Shin, who teaches economics at Princeton University and has published influential papers on this issue, has served as the brain of Korea's G-20 initiative during a sabbatical this year.
With Korea chairing the G-20 finance meeting this year, Shin is being credited for coordinating and moderating the international agenda from behind the scenes.
The bank levy is one of the key issues of cleaning up the mess of the recent financial crisis. The idea is to levy a tax on banks during boom times, and using the money to bail out failing banks during bad times.
The G-20 nations have struggled to reach an accord on this issue because of their differing national interest. The United States and some European countries, which have used massive state funds to bail out financial firms during the crisis, agree on the need to adopt a global bank levy. But Canada and Australia have been staunchly objecting to the proposition, as they worry that it may unnecessarily undermine their relatively healthy banking industry.
Most emerging nations within the G-20 have remained silent on this issue, since they figure out that they have nothing to lose.
Shin said that the final decision will not be made until November's summit in Seoul. U.S. Treasury Secretary Timothy Geithner said that he doesn't believe the G-20 will be able to reach a consensus for a universal bank levy in Busan.
Giving up this idea means that the G-20 is no longer putting priority on the idea of making a "level playing field" for banks in different countries. But the countries still need further coordination in setting up details, such as the tax jurisdiction issue of global banks' local branches, and financial firms operating from tax havens.
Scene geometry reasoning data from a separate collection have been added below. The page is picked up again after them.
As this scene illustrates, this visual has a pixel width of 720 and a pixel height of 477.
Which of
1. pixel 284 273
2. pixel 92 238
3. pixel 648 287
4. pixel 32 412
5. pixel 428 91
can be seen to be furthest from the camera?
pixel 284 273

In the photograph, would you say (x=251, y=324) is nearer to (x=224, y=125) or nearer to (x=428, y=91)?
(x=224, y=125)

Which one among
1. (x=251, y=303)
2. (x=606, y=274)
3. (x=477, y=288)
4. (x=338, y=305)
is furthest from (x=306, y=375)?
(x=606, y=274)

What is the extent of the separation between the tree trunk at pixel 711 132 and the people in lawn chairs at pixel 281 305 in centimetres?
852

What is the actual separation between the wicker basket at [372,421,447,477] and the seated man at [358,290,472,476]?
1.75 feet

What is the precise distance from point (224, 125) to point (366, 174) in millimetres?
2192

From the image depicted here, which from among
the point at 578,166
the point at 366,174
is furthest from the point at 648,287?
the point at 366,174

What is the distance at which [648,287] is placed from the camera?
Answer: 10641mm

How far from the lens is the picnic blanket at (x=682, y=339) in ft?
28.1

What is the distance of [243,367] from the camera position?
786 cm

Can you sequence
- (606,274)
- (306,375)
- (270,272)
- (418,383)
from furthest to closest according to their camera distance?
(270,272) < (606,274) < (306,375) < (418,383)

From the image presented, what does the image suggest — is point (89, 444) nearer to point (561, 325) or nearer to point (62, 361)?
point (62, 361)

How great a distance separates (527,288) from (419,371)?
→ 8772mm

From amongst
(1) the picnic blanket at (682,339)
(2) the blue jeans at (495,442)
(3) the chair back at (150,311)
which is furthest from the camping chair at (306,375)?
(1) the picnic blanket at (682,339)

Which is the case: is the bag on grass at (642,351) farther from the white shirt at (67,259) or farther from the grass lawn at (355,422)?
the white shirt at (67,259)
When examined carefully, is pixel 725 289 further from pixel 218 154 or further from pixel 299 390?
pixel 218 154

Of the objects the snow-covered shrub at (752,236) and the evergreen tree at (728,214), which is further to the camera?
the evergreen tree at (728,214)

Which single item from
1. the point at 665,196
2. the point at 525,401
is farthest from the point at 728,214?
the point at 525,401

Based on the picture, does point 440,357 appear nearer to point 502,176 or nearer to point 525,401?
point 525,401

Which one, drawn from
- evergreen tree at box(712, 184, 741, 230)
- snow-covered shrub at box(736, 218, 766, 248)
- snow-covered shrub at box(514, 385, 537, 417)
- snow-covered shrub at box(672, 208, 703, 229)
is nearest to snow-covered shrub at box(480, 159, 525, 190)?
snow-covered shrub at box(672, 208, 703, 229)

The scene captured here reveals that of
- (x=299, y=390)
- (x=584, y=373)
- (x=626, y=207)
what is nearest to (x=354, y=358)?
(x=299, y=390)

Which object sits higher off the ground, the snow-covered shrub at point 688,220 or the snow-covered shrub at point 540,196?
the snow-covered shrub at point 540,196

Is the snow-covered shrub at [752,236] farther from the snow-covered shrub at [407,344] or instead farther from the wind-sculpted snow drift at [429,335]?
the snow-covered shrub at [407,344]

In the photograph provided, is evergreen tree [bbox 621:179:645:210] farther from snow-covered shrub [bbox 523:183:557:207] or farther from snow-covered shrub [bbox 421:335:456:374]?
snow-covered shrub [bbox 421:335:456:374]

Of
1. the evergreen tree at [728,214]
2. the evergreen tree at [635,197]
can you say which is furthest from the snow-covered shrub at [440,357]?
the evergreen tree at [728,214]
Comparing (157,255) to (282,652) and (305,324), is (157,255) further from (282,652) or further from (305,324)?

Shin, whose research topic in academia includes "macro-prudential economic policy," stressed that the bank levy is only one of many reform tools for the global economy, and its effects on the financial sector would have been limited.
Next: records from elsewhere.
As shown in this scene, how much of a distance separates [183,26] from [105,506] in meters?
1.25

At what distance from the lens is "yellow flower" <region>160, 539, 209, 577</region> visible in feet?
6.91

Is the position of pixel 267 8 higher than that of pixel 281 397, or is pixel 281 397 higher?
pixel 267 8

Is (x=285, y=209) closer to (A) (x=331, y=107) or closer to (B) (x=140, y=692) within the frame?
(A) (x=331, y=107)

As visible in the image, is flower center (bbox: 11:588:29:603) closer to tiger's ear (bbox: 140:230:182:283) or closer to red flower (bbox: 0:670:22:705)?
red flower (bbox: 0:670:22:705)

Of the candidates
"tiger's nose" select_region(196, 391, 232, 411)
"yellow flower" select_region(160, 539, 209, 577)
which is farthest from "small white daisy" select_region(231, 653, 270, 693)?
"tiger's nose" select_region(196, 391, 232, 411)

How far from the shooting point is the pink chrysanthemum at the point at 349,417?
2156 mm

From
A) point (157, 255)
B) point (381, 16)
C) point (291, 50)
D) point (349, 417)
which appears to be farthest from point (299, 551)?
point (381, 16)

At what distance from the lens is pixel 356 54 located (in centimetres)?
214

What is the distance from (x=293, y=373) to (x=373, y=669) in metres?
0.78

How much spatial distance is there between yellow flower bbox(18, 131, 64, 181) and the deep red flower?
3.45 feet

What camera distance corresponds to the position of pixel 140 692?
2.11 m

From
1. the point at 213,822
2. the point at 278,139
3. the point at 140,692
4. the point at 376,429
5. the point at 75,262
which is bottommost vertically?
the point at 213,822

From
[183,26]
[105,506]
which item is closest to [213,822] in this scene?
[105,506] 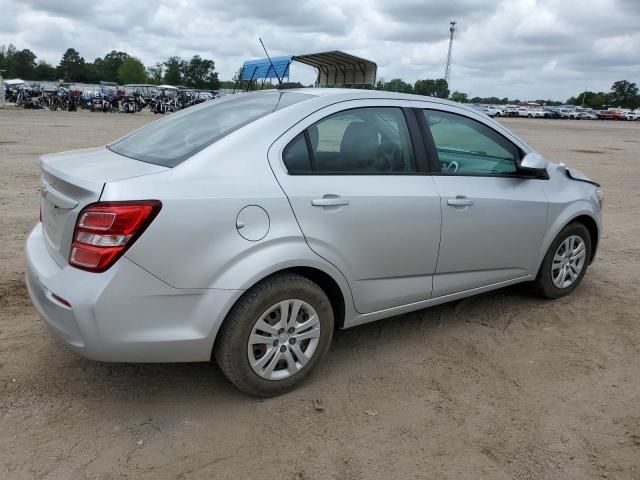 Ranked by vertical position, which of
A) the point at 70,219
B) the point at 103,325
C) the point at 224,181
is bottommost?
the point at 103,325

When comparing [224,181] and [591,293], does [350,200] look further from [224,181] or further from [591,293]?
[591,293]

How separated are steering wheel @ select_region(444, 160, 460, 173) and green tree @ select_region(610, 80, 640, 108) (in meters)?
129

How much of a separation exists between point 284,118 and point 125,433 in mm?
1844

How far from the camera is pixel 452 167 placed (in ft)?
12.7

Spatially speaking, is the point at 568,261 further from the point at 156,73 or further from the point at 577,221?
the point at 156,73

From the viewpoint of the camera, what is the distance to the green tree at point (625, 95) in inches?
4523

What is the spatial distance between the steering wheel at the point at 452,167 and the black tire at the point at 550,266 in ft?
3.81

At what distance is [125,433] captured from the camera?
277 cm

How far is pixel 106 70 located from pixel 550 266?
137m

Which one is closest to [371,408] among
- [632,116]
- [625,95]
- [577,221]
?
[577,221]

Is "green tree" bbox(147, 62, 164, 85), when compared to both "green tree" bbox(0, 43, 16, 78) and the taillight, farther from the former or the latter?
the taillight

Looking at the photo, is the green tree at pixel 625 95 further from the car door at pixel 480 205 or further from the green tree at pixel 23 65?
the car door at pixel 480 205

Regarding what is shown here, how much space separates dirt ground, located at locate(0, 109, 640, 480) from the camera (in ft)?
8.53

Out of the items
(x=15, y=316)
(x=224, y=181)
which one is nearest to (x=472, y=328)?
(x=224, y=181)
"The bank levy is the least burdensome regulation of all," he said, adding it was just like the traffic congestion charge in London and in Seoul. "It is a prudent policy. The main idea is to levy the banks only when their operation becomes bubbly. So in ordinary circumstances, the amount of the levy would be very small."
In a recent paper he co-authored with Korea University professor Shin Kwan-ho, Shin suggested to levy on non-core liabilities of banks, which are not backed by deposits. But the details on how to raise and how to use the fund has yet to be decided in Korea, he said.
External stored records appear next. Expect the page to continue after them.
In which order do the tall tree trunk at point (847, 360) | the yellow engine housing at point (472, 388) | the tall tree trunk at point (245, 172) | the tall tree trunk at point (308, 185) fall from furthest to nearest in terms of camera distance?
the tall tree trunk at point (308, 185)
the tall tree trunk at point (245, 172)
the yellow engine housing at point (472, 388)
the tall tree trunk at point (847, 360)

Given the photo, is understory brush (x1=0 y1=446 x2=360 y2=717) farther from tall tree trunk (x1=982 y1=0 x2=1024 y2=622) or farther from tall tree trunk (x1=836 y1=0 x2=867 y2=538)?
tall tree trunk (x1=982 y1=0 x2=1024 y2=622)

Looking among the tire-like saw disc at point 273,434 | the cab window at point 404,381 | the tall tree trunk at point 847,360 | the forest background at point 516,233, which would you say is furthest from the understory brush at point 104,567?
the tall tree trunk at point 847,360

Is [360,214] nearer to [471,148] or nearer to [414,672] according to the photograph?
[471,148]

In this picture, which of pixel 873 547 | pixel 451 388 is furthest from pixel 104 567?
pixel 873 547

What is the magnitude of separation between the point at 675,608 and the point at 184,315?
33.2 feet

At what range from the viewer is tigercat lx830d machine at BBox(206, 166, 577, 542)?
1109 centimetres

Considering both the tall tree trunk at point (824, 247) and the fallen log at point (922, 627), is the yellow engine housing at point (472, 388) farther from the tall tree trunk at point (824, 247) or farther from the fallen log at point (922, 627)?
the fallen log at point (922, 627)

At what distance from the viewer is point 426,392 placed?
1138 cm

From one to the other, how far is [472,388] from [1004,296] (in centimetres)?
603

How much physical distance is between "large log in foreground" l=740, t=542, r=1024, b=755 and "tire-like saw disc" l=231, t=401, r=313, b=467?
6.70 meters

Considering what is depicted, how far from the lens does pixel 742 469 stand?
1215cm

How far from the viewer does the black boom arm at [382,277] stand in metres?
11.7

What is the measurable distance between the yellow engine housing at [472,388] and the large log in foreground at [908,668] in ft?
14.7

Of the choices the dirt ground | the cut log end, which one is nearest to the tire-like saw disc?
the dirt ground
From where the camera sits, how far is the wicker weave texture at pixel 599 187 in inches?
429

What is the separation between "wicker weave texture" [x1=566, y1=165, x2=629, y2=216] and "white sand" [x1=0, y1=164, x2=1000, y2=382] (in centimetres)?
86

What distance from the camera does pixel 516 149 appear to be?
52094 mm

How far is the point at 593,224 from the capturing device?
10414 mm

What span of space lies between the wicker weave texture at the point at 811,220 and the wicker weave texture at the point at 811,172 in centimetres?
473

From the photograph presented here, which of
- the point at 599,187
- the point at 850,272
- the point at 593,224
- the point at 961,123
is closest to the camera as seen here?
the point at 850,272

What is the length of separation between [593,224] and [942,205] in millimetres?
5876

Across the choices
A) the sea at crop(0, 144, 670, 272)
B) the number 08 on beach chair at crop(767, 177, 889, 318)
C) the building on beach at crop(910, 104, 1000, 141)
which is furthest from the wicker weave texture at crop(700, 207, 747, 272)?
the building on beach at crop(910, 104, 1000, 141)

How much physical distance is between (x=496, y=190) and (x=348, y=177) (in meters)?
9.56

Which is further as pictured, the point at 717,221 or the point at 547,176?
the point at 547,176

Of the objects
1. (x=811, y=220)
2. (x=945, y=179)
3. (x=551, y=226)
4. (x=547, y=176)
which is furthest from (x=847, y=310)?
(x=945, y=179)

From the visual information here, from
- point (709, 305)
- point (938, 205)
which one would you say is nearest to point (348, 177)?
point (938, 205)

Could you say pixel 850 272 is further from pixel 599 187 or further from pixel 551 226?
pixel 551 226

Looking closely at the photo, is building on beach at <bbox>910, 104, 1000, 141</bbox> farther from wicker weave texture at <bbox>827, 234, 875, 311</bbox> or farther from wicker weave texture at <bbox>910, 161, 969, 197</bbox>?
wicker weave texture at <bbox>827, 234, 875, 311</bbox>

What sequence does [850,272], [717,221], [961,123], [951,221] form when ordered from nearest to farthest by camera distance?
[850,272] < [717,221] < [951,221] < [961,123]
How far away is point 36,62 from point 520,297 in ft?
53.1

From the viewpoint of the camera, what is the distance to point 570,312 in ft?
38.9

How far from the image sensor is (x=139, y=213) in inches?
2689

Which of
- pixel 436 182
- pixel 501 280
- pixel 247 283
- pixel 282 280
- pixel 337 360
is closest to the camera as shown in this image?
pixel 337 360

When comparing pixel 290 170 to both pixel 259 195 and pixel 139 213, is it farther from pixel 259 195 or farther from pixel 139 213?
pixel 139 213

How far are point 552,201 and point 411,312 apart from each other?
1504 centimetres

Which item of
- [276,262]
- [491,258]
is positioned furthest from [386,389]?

In South Korea and other open and small economies, policy makers have been trying to use global collaboration at the G-20 to strengthen state control on cross-border capital flow to prevent the spill-over of a crisis. Along with the adoption of a bank levy, South Korea will tighten regulations on foreign exchange futures trading, and will push for reform at the International Monetary Fund, Shin said.
He also said Canada's "contingent capital" scheme is not an efficient alternative to bank tax, and its spread cannot be used as the bellwether for a crisis.
South Korea is chairing this week's G-20 ministerial meeting in Busan, as well as the presidential summit in Seoul in November. Shin said that top government officials, such as Finance Minister Yoon Jeung-hyun and chief regulator Chin Dong-soo, are working in tandem to ensure a successful result.
"It is a harmonious collaboration," he said.